Mi faccio forza, drone in spalla vado verso il tracciato dove Matteo Quadrio sta definendo gli ultimi dettagli prima della partenza. Con la scusa del sopralluogo per le riprese approfitto per il mio giro di prova. Rettilineo di ghiaia spezzato da due varianti, freno, aspetto che il Beta riappoggi la ruota e sterzo. Lentamente supero gli ostacoli e, a metà del dei 5 chilometri di bosco lombardo, quasi mi commuovo. Lascio fare al Beta e mi guardo attorno. Tutto è così incredibile che non sembra vero.

Che posto ragazzi, e io sono qui, nel cuore del tempio della velocità a combattere con radici, rami e fango.

Quando credo di aver visto tutto con un piccolo balzo mi ritrovo sulla mitica parabolica di Monza, il cuore esplode e spero non finisca mai.

Ma è ora che cominci la gara.

Rapido briefing (non ammazzatevi e non ammazzate nessuno) e siamo pronti al via.
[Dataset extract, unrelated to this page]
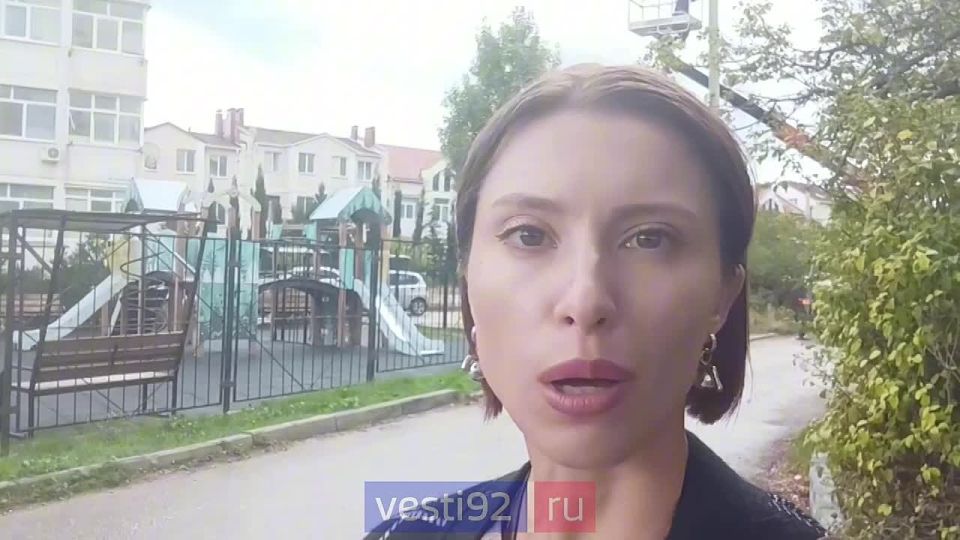 На улице Тарутинской, 60, монтируют уличное освещение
Come di consueto le mie ghiandole salivari decidono di andare in vacanza mentre aspetto il mio turno vicino al bidone dove è appoggiato il cronometro che sta scandendo il tempo del pilota partito prima di me. Tempo stimato per quelli bravi sotto gli 8 minuti. Fa un caldo allucinate, ogni trenta secondi allungo il collo per controllare il passare dei minuti, sembro un piccione. Decido di cambiare tattica e, per distrarmi, mi concentro sulla generosa scollatura del giudice di gara. Beccato, ritorno a fare il piccione.

E’ il mio turno, aziono il timer e parto. Sento urlare il mio nome (grazie Ale) e nella foga rischio di schiantarmi alla prima curva. In piena trance agonistica mi sembra di essere una libellula tra gli ostacoli. Ogni curva, salto o buca non hanno più segreti per me. Sicuramente stamperò un tempo record degno della mia mitica moto.

A riportarmi con i piedi saldamente per terra è Adelio Lorenzin (foto sopra) che in un punto impossibile mi passa come se io fossi seduto al bar a sorseggiare un caffè troppo caldo. Il tempo di sentire PISTA!! e non lo vedo più. Ma che importa procedo con la velocità di un levriero che insegue la lepre e…subisco un secondo sorpasso. Mi convinco di essere stato vittima di un miraggio e sono sulla parabolica. Volo verso il traguardo, inchiodo di fianco al bidone e clamorosamente sbaglio postazione. Arretro, corre in aiuto anche Ale che raccoglie il secondo cronometro. Si gira sconsolato verso di me e mi comunica che qualcuno lo ha già fermato su 8,22 minuti. A me sta bene.

Adelio si piazzerà secondo, forse perché ha trovato me sulla sua strada, ma non ho mai visto uno più felice ad una premiazione. (Secondo podio in due gare, per tutti e tre i primi classificati)

 

In realtà uno più felice c’era. Io. Grazie Deus Milano. Ci vediamo per la terza tappa.